BEGIN

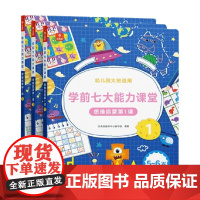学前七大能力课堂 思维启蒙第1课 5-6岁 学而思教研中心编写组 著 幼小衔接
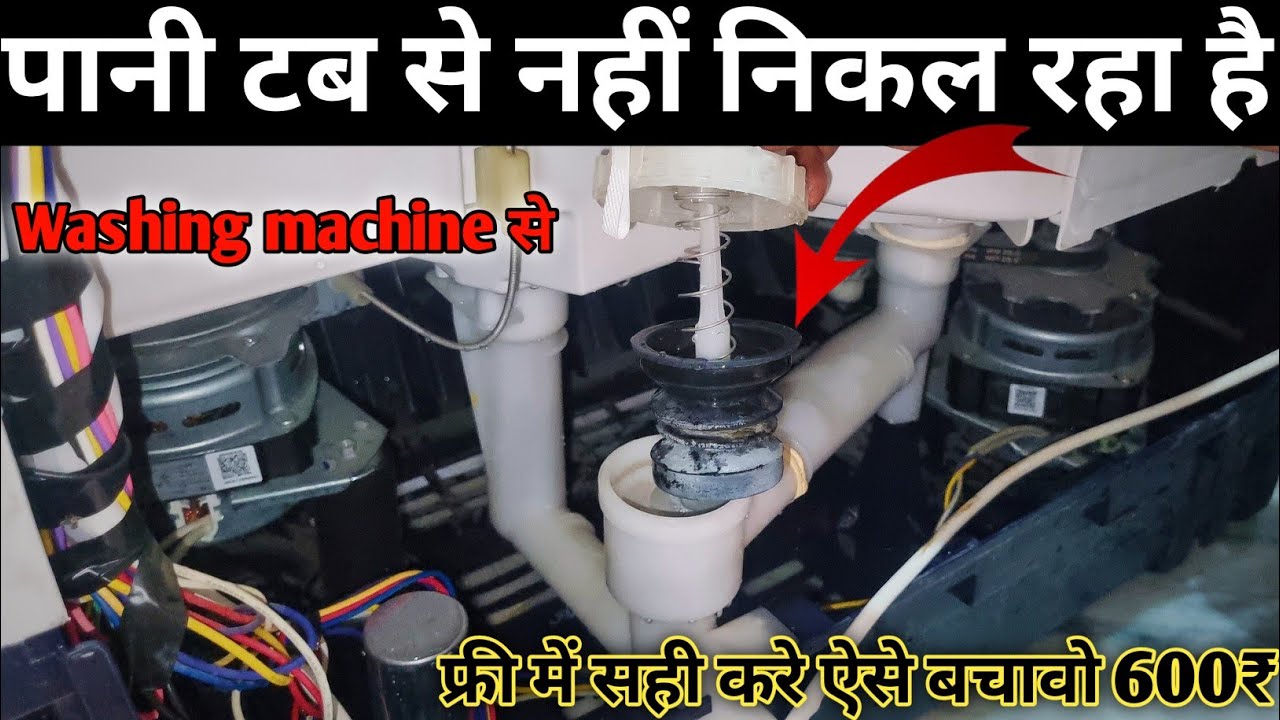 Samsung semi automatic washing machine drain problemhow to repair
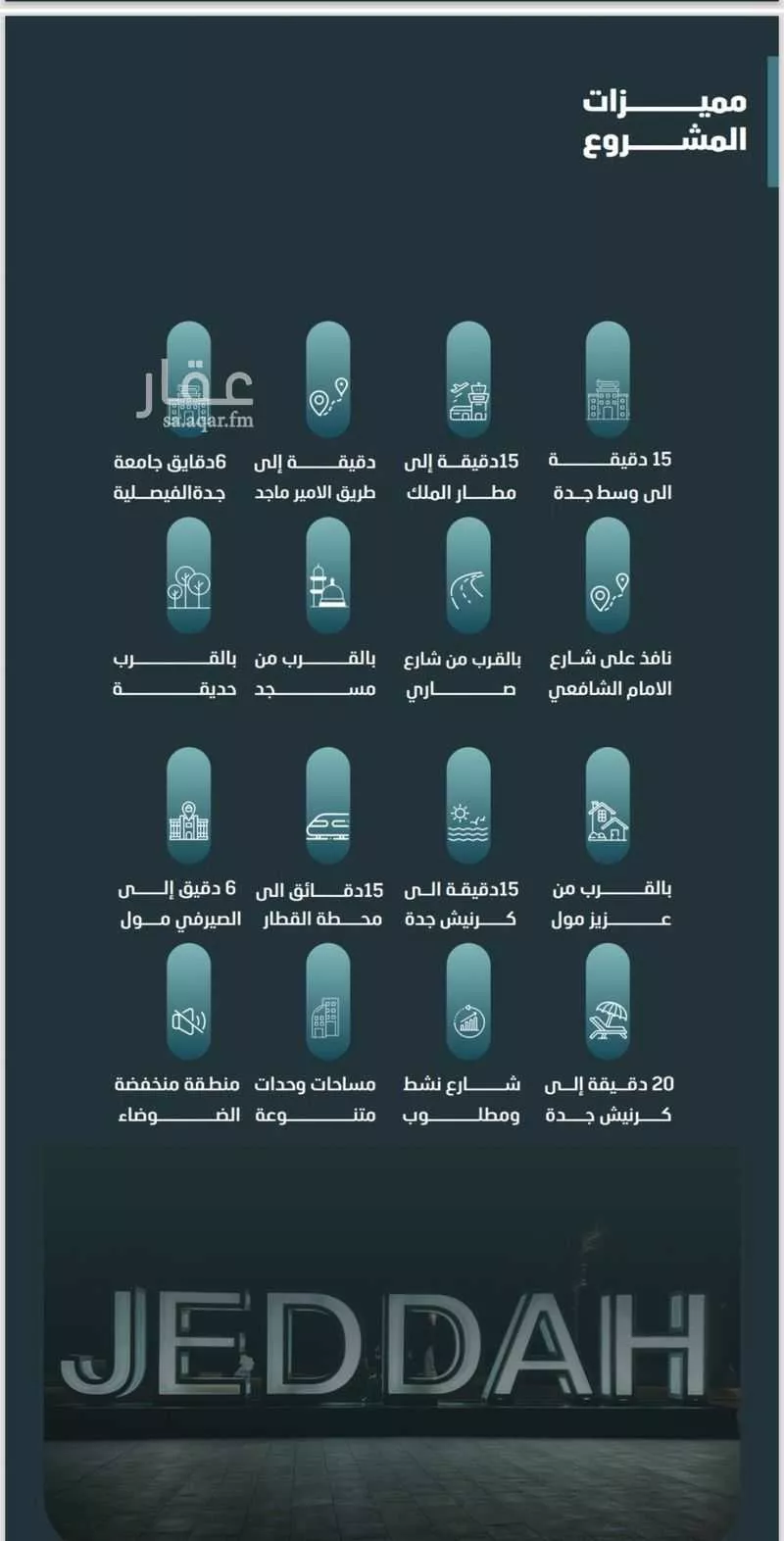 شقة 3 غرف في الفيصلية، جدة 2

END
BEGIN

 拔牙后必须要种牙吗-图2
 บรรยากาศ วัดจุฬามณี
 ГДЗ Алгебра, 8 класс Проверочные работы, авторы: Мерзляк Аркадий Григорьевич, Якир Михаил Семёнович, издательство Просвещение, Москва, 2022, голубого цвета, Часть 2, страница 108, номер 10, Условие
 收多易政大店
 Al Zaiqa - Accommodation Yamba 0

END
BEGIN

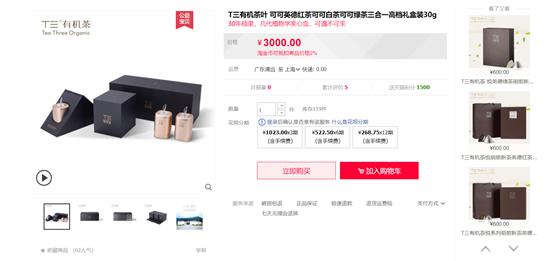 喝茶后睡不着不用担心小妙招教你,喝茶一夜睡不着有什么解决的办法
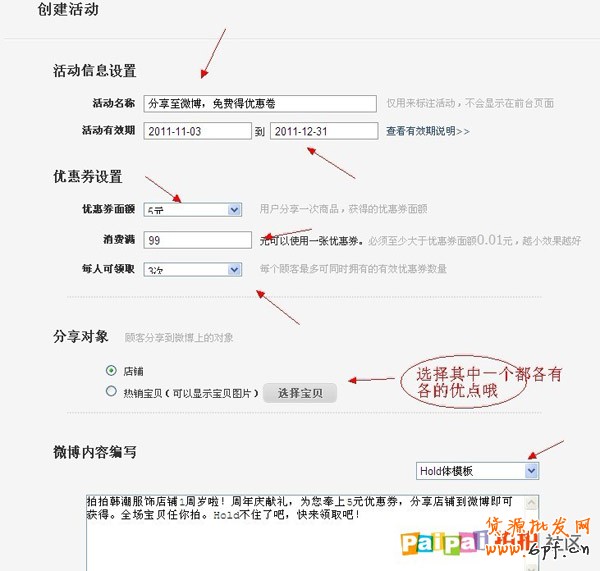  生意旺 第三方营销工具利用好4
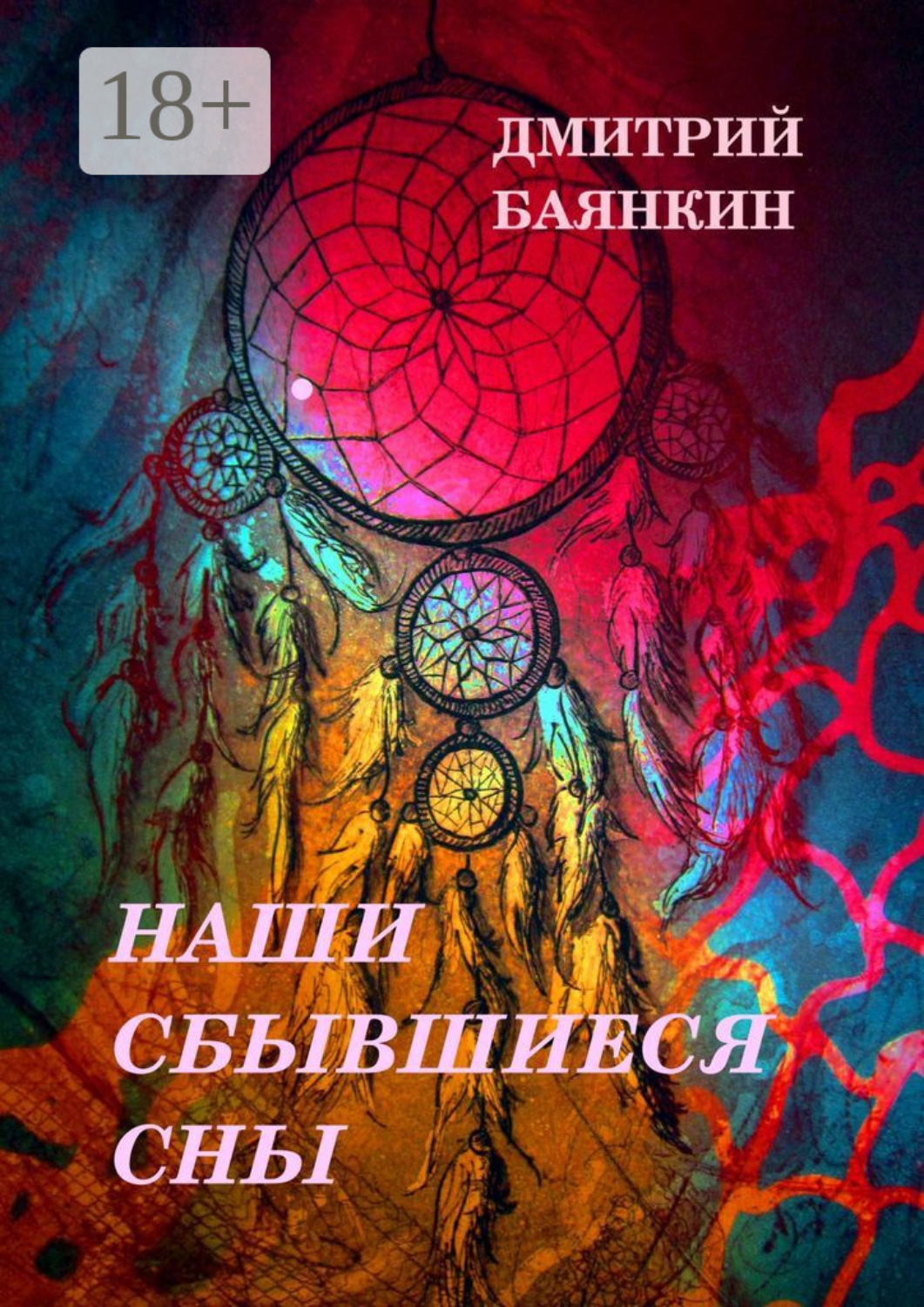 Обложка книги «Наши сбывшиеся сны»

END

REQUIRED WORK: Give the lines above again exactly, from the one containing "学前七大能力课堂 思维启蒙第1课 5-6岁 学而思教研中心编写组 著 幼小衔接" to the one containing "شقة 3 غرف في الفيصلية، جدة 2", both included, but leave out the pictures.

OUTPUT BELOW:
学前七大能力课堂 思维启蒙第1课 5-6岁 学而思教研中心编写组 著 幼小衔接
 Samsung semi automatic washing machine drain problemhow to repair
 شقة 3 غرف في الفيصلية، جدة 2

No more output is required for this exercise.